---------- Source data
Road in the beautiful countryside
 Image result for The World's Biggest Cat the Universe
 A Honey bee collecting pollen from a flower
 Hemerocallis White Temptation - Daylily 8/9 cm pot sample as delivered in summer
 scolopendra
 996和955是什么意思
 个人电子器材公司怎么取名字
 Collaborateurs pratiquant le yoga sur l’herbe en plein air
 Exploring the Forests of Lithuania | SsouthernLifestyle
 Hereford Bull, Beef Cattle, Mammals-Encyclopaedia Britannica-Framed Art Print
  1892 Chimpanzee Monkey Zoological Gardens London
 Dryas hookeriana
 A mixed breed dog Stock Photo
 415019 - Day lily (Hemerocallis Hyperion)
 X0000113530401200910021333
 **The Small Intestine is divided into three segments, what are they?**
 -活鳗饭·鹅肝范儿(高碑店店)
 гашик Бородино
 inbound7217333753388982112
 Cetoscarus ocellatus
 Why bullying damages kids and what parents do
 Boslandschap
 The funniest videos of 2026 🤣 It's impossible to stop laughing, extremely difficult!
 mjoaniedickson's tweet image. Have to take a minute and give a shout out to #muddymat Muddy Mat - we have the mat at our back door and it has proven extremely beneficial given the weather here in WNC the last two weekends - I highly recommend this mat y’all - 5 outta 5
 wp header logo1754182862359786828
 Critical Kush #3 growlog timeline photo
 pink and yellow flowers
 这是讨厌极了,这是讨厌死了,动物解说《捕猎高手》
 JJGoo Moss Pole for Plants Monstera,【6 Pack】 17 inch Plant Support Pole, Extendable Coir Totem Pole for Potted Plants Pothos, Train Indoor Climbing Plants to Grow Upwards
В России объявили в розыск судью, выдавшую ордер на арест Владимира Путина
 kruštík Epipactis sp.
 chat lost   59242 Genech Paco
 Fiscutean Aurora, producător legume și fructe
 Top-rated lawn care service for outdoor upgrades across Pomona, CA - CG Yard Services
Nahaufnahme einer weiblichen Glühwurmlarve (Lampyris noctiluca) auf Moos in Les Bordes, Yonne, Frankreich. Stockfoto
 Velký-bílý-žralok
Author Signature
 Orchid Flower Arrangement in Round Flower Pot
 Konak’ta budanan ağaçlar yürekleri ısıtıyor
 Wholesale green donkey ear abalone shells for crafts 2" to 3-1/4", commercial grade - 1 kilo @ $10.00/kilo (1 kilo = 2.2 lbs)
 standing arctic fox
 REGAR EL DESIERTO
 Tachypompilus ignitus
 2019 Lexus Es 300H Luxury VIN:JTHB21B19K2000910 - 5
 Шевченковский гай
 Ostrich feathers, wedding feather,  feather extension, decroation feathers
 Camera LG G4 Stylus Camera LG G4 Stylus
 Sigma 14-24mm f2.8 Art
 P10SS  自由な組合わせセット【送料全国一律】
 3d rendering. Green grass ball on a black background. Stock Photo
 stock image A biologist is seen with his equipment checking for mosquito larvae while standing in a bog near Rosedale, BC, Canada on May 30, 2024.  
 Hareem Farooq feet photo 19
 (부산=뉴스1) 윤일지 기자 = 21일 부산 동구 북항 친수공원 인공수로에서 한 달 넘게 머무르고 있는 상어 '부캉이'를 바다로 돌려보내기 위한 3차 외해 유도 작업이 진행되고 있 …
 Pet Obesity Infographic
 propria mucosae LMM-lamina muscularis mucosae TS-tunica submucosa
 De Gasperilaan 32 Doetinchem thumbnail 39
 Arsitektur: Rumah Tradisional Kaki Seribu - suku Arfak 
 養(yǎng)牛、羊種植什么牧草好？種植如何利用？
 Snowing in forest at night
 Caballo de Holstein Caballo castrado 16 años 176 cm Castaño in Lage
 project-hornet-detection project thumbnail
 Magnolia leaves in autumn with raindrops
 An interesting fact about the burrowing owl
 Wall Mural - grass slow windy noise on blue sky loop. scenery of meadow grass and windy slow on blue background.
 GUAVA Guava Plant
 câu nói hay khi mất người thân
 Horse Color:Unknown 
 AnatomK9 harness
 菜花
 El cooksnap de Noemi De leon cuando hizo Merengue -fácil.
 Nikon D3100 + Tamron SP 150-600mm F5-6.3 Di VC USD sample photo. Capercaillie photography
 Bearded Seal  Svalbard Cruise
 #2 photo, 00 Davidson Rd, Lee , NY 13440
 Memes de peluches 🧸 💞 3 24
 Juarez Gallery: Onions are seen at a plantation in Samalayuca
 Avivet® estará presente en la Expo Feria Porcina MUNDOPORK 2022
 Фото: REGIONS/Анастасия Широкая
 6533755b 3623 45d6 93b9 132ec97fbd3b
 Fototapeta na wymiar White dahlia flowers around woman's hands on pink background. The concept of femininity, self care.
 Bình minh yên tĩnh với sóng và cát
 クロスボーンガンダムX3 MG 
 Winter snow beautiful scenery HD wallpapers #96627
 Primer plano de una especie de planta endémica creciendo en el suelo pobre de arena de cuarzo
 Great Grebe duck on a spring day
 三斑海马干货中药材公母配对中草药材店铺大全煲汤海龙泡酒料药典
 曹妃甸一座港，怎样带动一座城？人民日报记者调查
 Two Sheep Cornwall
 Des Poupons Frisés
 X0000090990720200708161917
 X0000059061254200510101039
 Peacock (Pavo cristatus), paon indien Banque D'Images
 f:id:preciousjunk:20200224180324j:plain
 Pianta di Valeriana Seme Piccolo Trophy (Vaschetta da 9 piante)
--------------------
- **Problem to work on**
All lines above that contain "seen" are required in the answer.

- **Worked solution**
 stock image A biologist is seen with his equipment checking for mosquito larvae while standing in a bog near Rosedale, BC, Canada on May 30, 2024.  
 Juarez Gallery: Onions are seen at a plantation in Samalayuca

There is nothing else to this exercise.